In the past few weeks, there has been much talk and discussion among the tweets as to what constitutes grades, how do we assess student work, and what do the grades assigned truly mean. What does an A really mean, and so forth? Of course, this got me to thinking.
How did the world of education first come up with a system of grades? Why the particular letters A, B, C, D, E, F, G, S, and U? Why a particular grouping of numbers? In most schools, Pre-K through first grade may use the E (excellent), G (good), S (satisfactory) or U (unsatisfactory) delineations. Beyond second grade it is the A, B, C, D, and F combinations. How do policymakers decide the grouping of numbers to accompany those letters?
I thought I’d do a little investigating and find out. So, like any good doctoral student, I went online and began to investigate through the services offered by the university library. There was much information available, and a good portion of the information I have used in this post comes from an article written in 1993 by Mark W. Durm. The article, titled “An A Is Not An A Is Not An A: A History of Grading” was published in The Educational Forum, 57.
Before this nation ever had secondary schools, we had colleges, and much of the first grading systems seemed to be not based around the quality of work presented by students, but more around social class. For example, in the early years of Harvard, students were not arranged alphabetically but were listed according to the social position of their families, and grades reflected (Eliot, 1935).
Mary Lovett Smallwood wrote Examinations and Grading Systems in Early American Universities (1935). In her book she related that marking grades to students was first instituted at Yale University. She quoted Yale’s President, Erza Stiles (1778–1795), as writing in his diary that 58 students were present at an examination, and they were graded as follows: “Twenty Optimi, sixteen second Optimi, 12 Inferiores (Boni), ten Pejores.”
Between those years and the mid-nineteenth century it seemed that, for the most part, letters were used for the grades and there was no particular method of grading. Each institution determined its own assessment formula, along with descriptive adjectives in reporting the performance of its students. In 1877, Harvard appears to have set the bar for determining numerical grades. The faculty designed a system of grades based on 100 percent. Division 1 - 90 or more on a scale of 100; Division 2 - 89 to 75; Division 3 - 74 to 60; Division 4 - 59 to 50; Division 5 - 49 to 40; and Division 6 - below 40. Students making marks in Division 5 or 6 were considered to have failed.
The system that American currently uses, although slightly changed in the numerical equivalents, was the brain-child of Mount Holyoke.
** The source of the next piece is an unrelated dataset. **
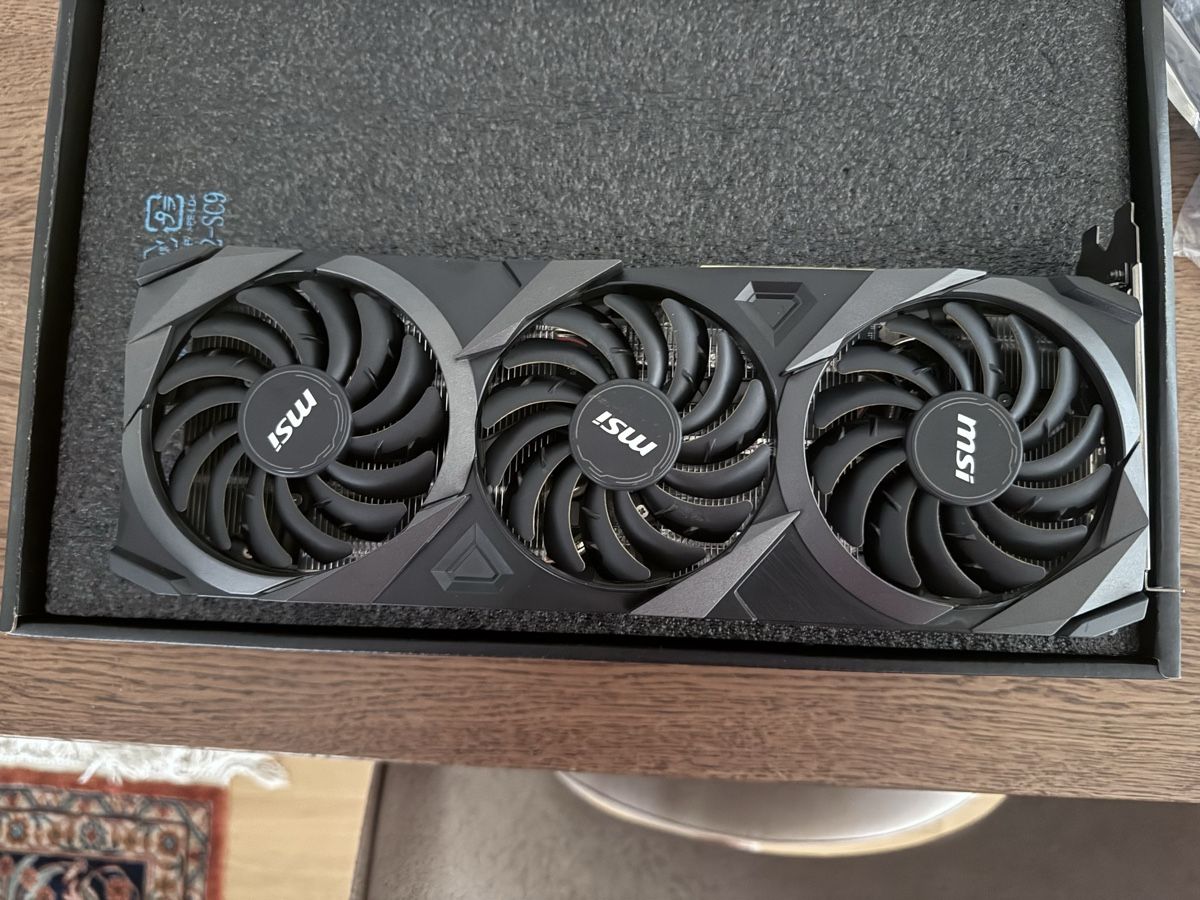 MSI Schede grafiche: MSI GeForce RTX 3070 Ventus 3X OC Edition – Usato da Zürich venduto da BB2015 3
The College, in 1897, adopted letters for marking students and correlated those letters to a certain grouping of numbers. Their scale: A, Excellent, equivalent to percents 95-100; B, Good, equivalent to percents 85-94(inclusive); C, Fair, equivalent to percents 76-84 (inclusive); D, Passed (barely), equivalent to percent 75; E, Failed (below75). In 1898, they changed the scale to reflect the following: A - 95-100; B - 90-94; C - 85-89; D - 80-84; E - 75-79; F - Failed.
These schools came up with a system of grading, but they did not leave a record behind that indicated what constituted each letter or numerical grade. What quality of work must the student submit to earn each grade? The question seemed hard to answer then and we find it hard to still answer today.
Education is not static. Every aspect of instruction is different. Students are different. Teachers teach differently. Systems have different expectations and standards. There is not a national curriculum (yet, and I hope there never is). Therefore, the debate of what constitutes an A will be forever ongoing.